Within the material below, transcribe exactly the lines from the one holding "1 Freiberger Grove, Clyde North VIC 3978" through the one holding "Oil refinery", keeping both ends and skipping the rest.

Records for the exercise below:

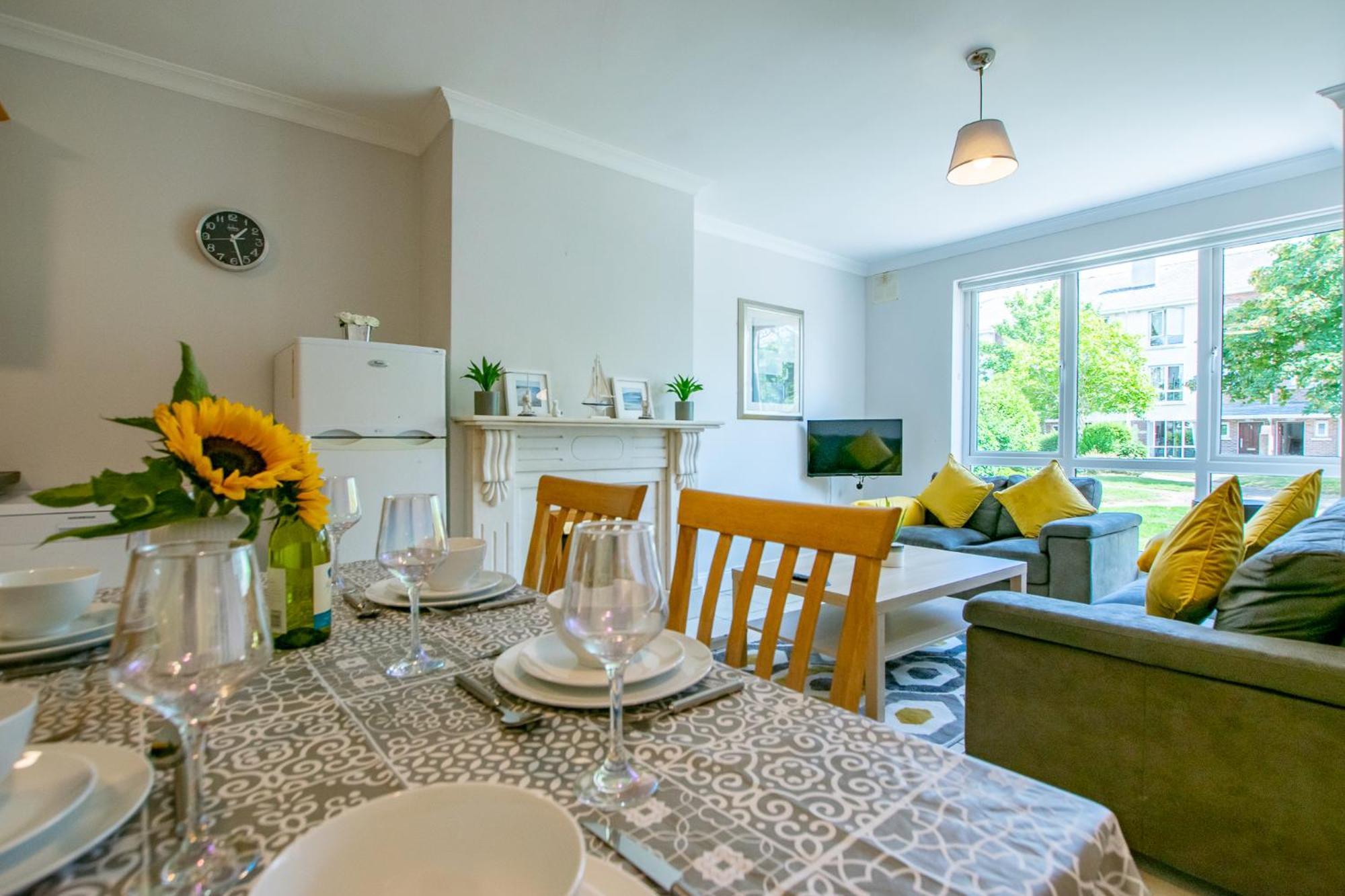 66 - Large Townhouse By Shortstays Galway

End of Records for the exercise.
Records for the exercise below:

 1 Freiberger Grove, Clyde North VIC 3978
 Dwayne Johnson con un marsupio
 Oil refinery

End of Records for the exercise.

Task result
 1 Freiberger Grove, Clyde North VIC 3978
 Dwayne Johnson con un marsupio
 Oil refinery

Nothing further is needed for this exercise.